Piada Bar, an Italian sandwich joint specialising in, you’ve guessed it, piada – a traditional italian flatbread from Italy’s northern Romagna region – lives by a very simple and beguiling motto: “eat piada every day, and you will leave for 100 years”. I don’t know about its ability to extend lifespan, but these hot, flavour-packed sarnies were a world away from flabby supermarket offering.

The place from outside is a rather unassuming, blink and you’ll miss it affair; wedged as it is between larger restaurant behemoths along Bateman Street, a narrow lane that juts off Soho’s jazz and booze thoroughfare, Frith Street.

Inside, this tiny space has a bank of stools up against its large window, a fridge cabinet overflowing with baskets of cream-filled cannolis, bitesize, burnished and sugar-dusted pastries and Italian soft drinks and not all that much room to stand. But, in truth, It soon became clear that this place isn’t about sitting down and savouring the atmosphere, it’s about fast, good and indisputably authentic food that you can’t wait until you’re outside to tear into.

Behind the counter, the huge kitchen grills are visible and the smell of gently toasting bread wafts invitingly over as Piada Bar’s founders and owners Marina, Vincinio and crew stuff, cook and wrap fresh hot sandwiches to go.

It’s here that authenticity isn’t just a buzzword, but an intrinsic part of their enterprise as Vincinio explained in heavily-accented english. He doesn’t quite put his faith in the meat and cheese and breads available in london’s many international markets and prefers to order his ingredients straight from their italian source, meaning every pack of piada bread and every vacuumed pack of ruby-red cured meat has come straight from the heart of its producer homeland. And it’s this dedication to traditional flavour that comes through in my favourite of all Piada Bar’s crispy sarnie offerings: the ridiculously simple Piada Ham, which comes complete with fresh mozzarella and rocket oozing out over the soft meat from its charred edges.
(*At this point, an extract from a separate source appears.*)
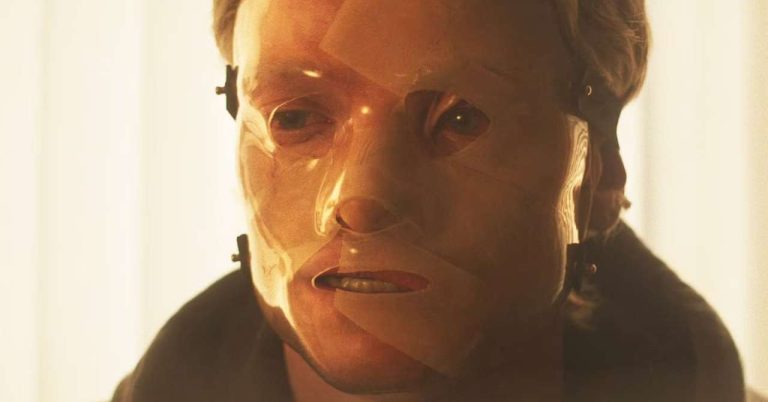 James Gunn doesn't want to let the public decide which DC movies to make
Aside from the punchy meats and soft, milky almost unpasteurised flavour of their three cheese piadas, this little spot has an eye on the discerning lunchbreak market. As well as serving salmon versions, a pork belly sandwich, a vegan offering packed with lovingly roasted vegetables, it offers up soups, pasta dishes and a couple of dessert piadas that induced a sort of unexpected childish glee in me – particularly the chocolate piada that dribbled melted nutella and crushed cornflakes all over my eagerly clutching mitts.

On the night that I was heading towards piada nirvana, we were treated to a guest wine pop up from Maxine Levy, who was showing off the young, fresh wines from the Castello Carboncine vineyard near venice. A family producer that uses traditional venetian oak and acacia cask methods and has a surprisingly artistic take on the concept of wine bottle labels. Definitely a brand to watch!  

Piada Bar is one of those places that you want to succeed. Not simply because the owners are so clearly passionate about what they do, but simply because the food is too good to be ignored. I will be heading back as soon as possible to and, for once, if there’s a queue, I’ll actually be happy, instead of unbearably irritated.